* **WORK TO COMPLETE**: For this exercise, copy exactly the lines below from the one with "High waist mom" through the one with "Scarf - $130" and leave out the pictures.
BEGIN MATERIAL PROVIDED
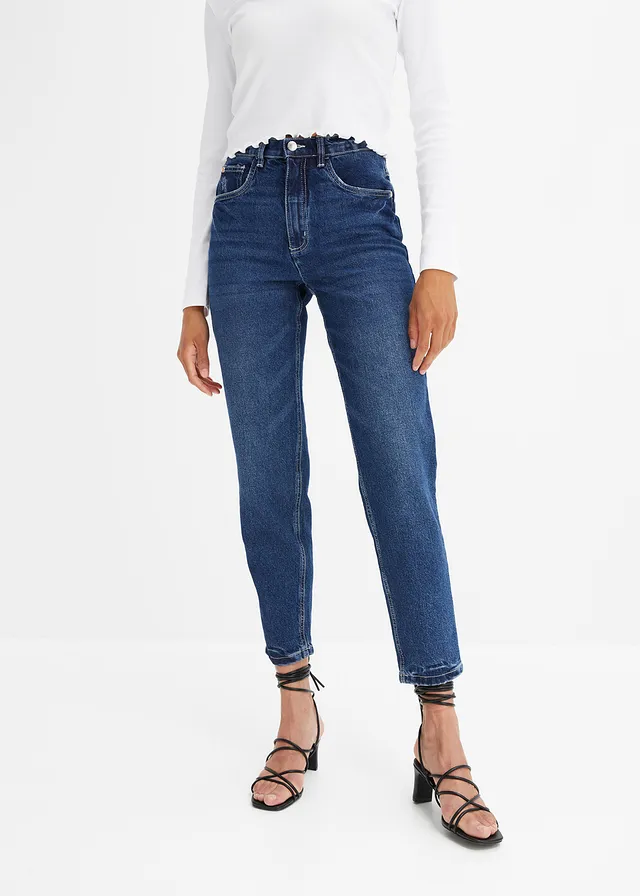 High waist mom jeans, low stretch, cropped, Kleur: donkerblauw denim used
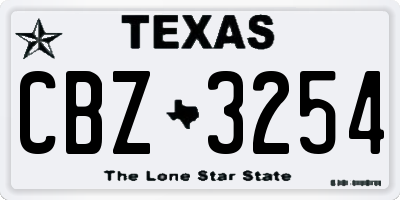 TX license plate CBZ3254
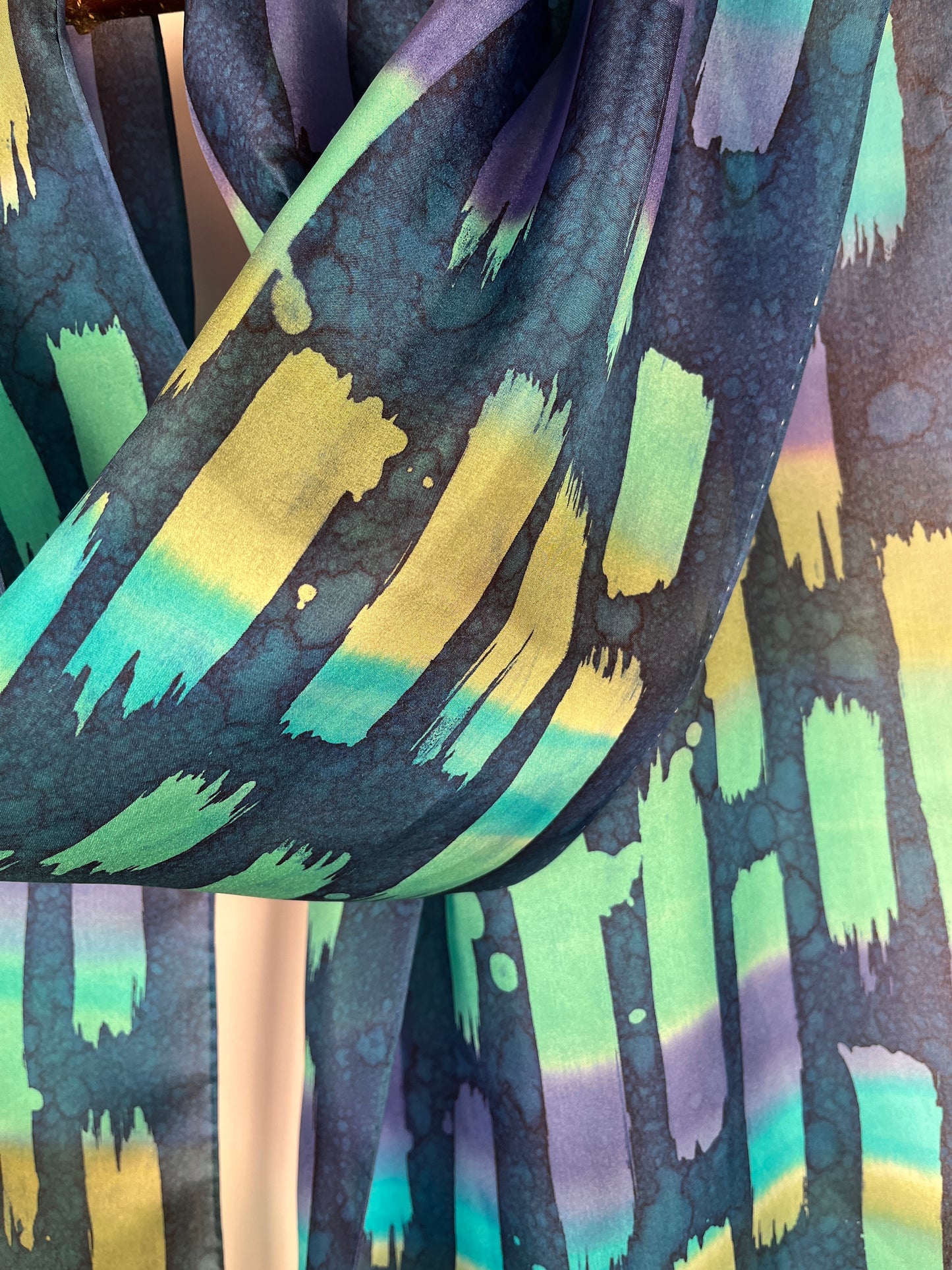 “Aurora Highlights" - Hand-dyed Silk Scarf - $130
END MATERIAL PROVIDED
BEGIN MATERIAL PROVIDED
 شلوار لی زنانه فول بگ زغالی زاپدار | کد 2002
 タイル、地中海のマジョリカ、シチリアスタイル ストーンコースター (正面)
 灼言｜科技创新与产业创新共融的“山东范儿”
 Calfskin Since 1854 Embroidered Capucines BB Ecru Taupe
END MATERIAL PROVIDED
* **SOLUTION**:
 High waist mom jeans, low stretch, cropped, Kleur: donkerblauw denim used
 TX license plate CBZ3254
 “Aurora Highlights" - Hand-dyed Silk Scarf - $130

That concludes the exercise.